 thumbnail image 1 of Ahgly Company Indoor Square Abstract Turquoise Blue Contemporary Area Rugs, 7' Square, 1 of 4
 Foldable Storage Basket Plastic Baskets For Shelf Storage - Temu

==================================================

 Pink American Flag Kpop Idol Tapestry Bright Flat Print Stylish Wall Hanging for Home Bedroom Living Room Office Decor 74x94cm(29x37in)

==================================================

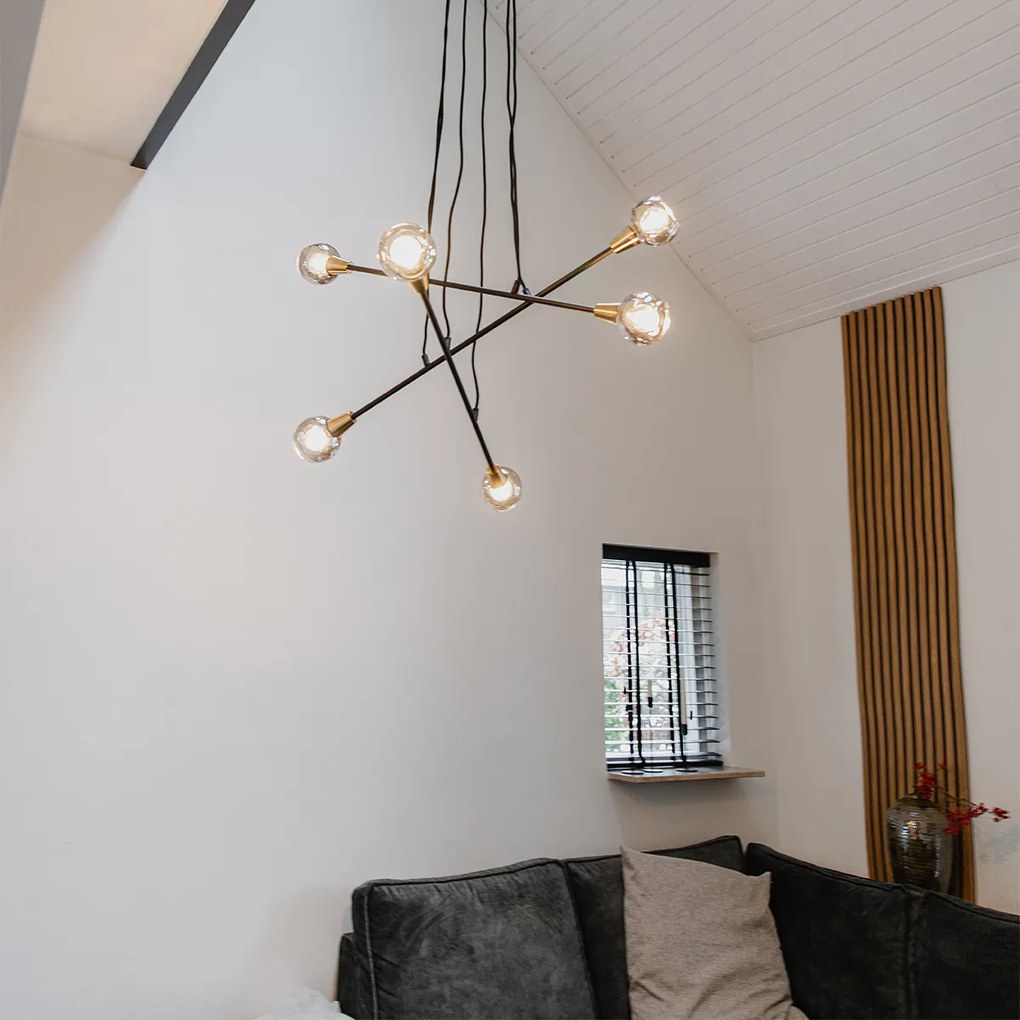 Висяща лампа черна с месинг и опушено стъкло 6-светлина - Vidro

==================================================

= Task prompt =
Where the listing above reaches the line that contains "thumbnail image 1", start retyping, and finish with the line that contains "Foldable Storage Basket"; reproduce those lines exactly and no others.

= Reply =
 thumbnail image 1 of Ahgly Company Indoor Square Abstract Turquoise Blue Contemporary Area Rugs, 7' Square, 1 of 4
 Foldable Storage Basket Plastic Baskets For Shelf Storage - Temu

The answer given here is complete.